%%

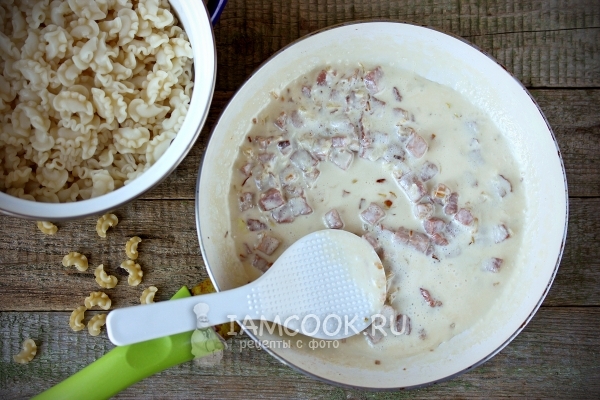 Налить сливки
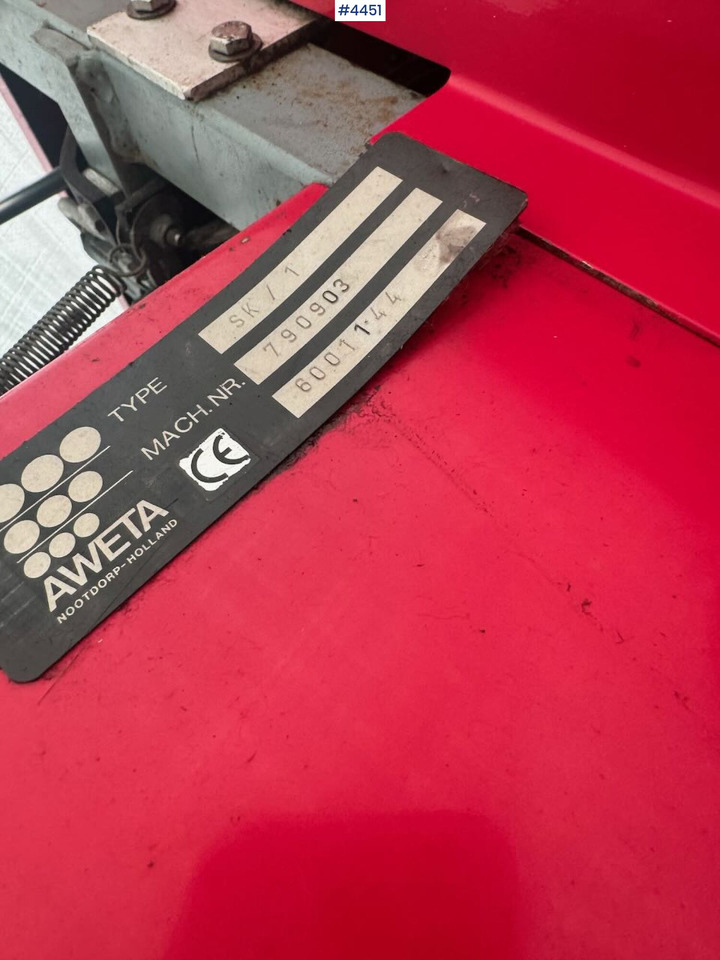 Послеуборочное оборудование Aweta SK1 Cucumber Packer: фото 17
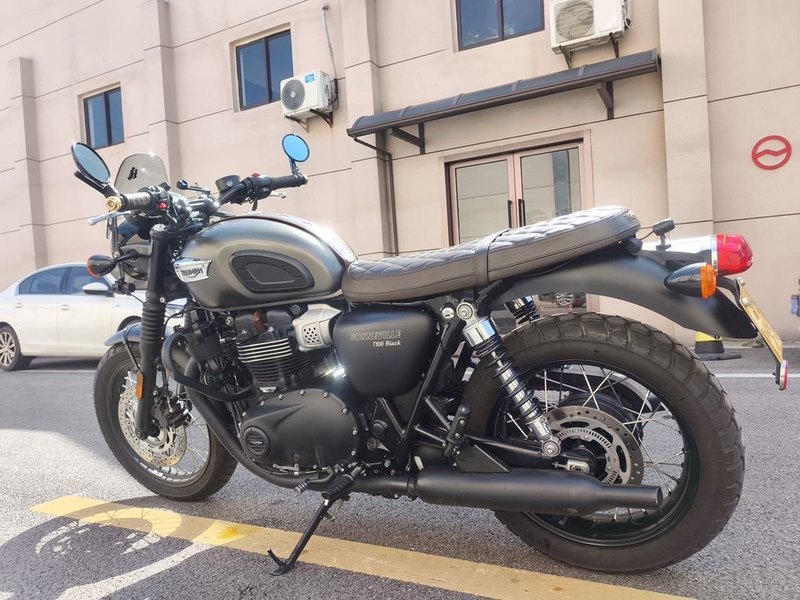 二手凯旋Bonneville T100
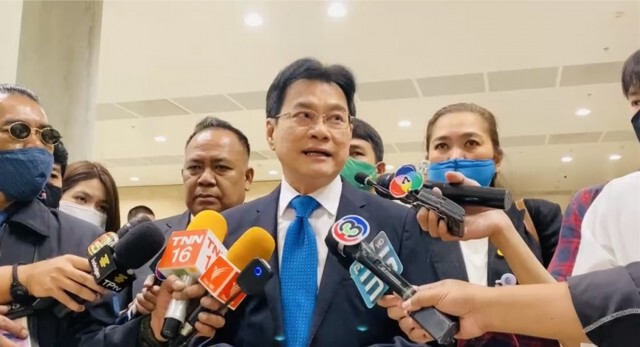 "จุรินทร์" รับเสียดาย "วิฑูรย์" ลาออกสมาชิกปชป.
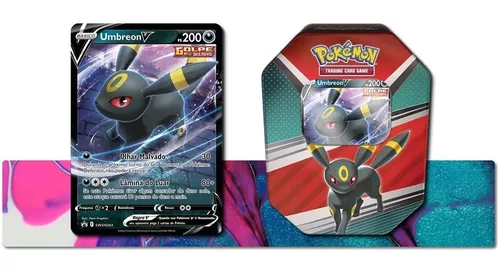 Pokémon Latas Evoluções Eevee! Umbreon, Espeon E Sylveon V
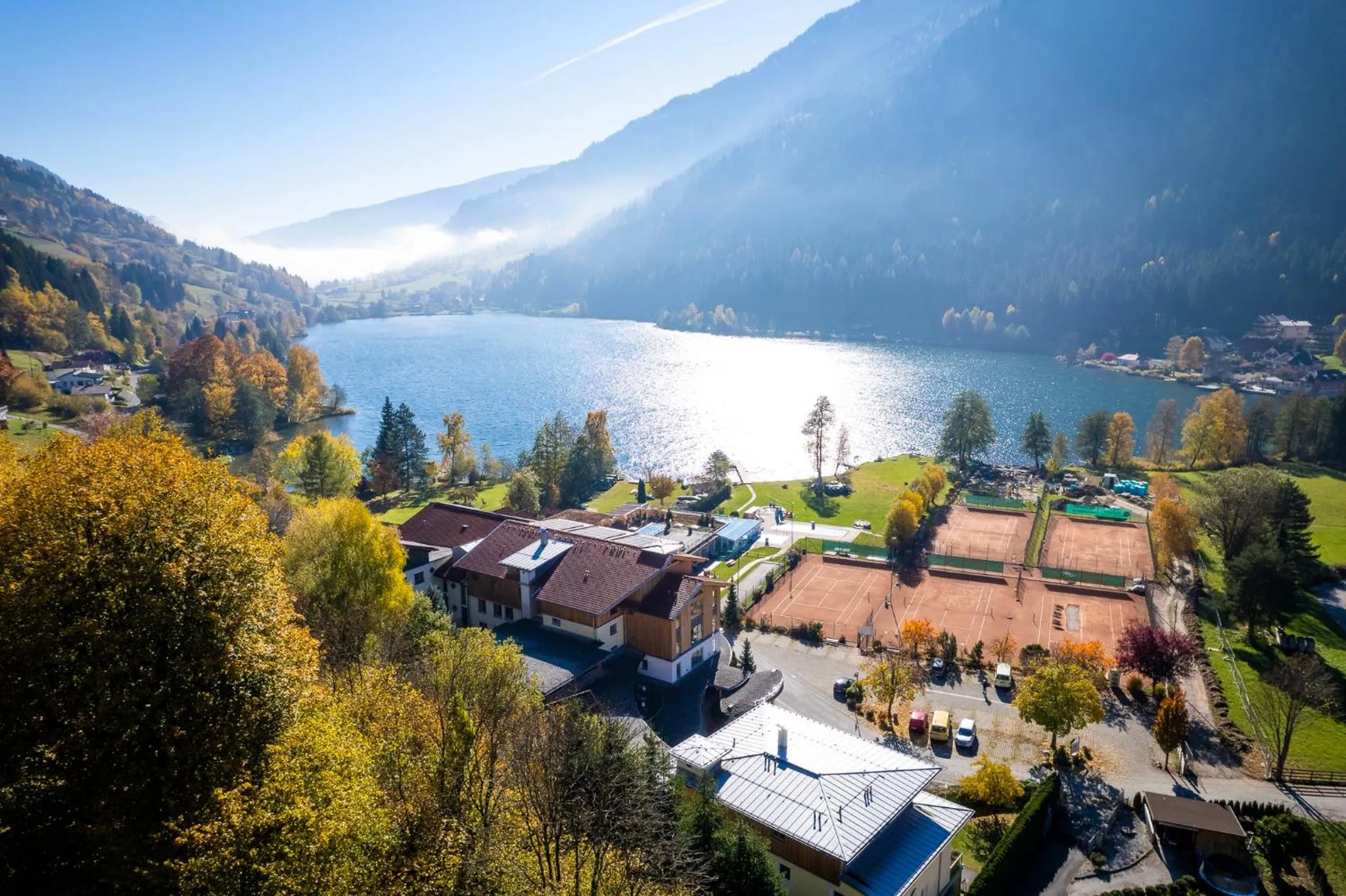 Property building in Familien- Sportresort BRENNSEEHOF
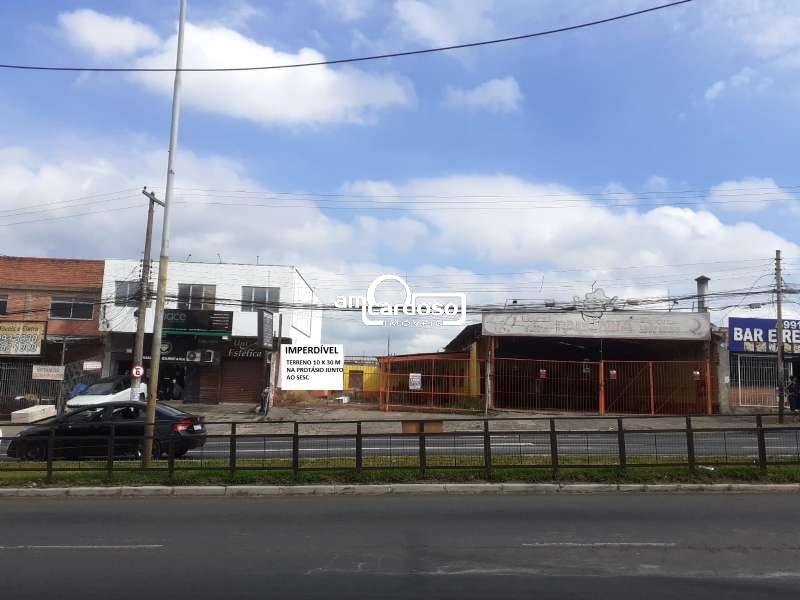 Terreno Comercial com 300m² à venda no bairro Bom Jesus, Porto Alegre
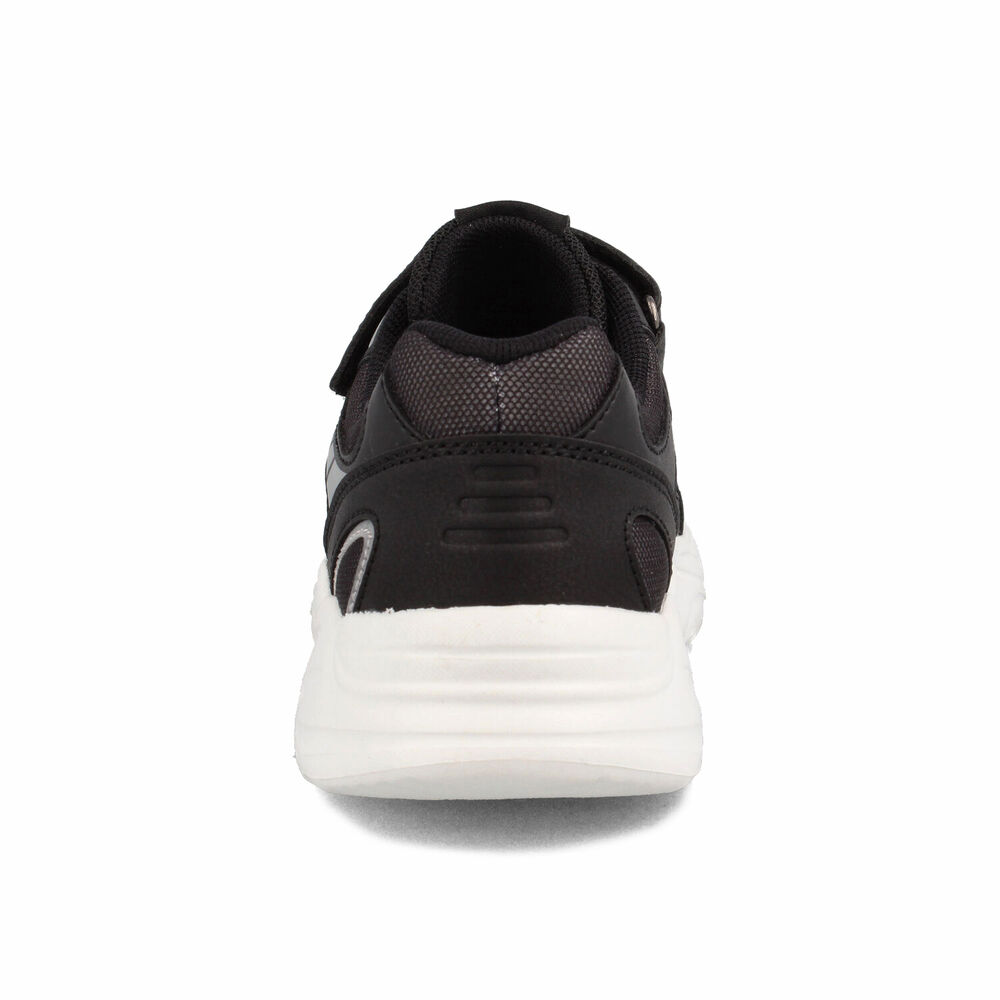 Zapatilla Niño Bubblegummers Derby Negro - Gris image number 2.0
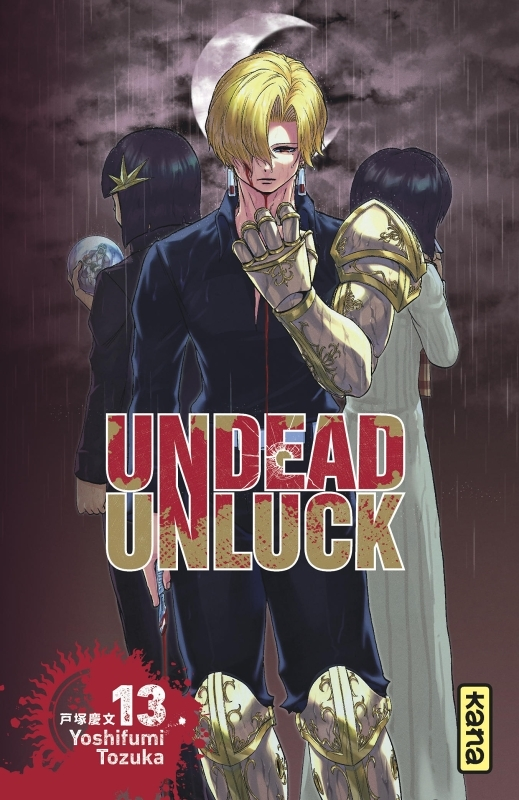 Undead unluck - Tome 13 (Manga)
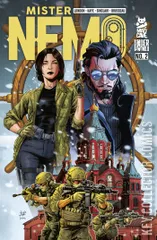 Variant Cover for Mister Nemo #2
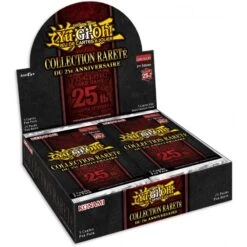 Konami BOITE DE 24 BOOSTERS COLLECTION RARETE 25 ANS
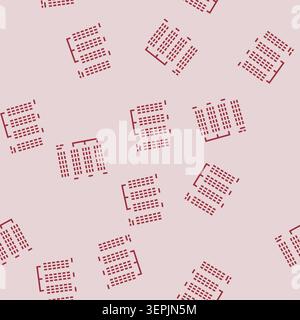 vecteur d'algorithme de tri radix glyphe motif transparent algorithme de tri radix illustration du signe Illustration de Vecteur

%%

▸ Try it: What is needed is an exact copy of all the entries above, minus the pictures.

▸ Exercise response:
 Налить сливки
 Послеуборочное оборудование Aweta SK1 Cucumber Packer: фото 17
 二手凯旋Bonneville T100
 "จุรินทร์" รับเสียดาย "วิฑูรย์" ลาออกสมาชิกปชป.
 Pokémon Latas Evoluções Eevee! Umbreon, Espeon E Sylveon V
 Property building in Familien- Sportresort BRENNSEEHOF
 Terreno Comercial com 300m² à venda no bairro Bom Jesus, Porto Alegre
 Zapatilla Niño Bubblegummers Derby Negro - Gris image number 2.0
 Undead unluck - Tome 13 (Manga)
 Variant Cover for Mister Nemo #2
 Konami BOITE DE 24 BOOSTERS COLLECTION RARETE 25 ANS
 vecteur d'algorithme de tri radix glyphe motif transparent algorithme de tri radix illustration du signe Illustration de Vecteur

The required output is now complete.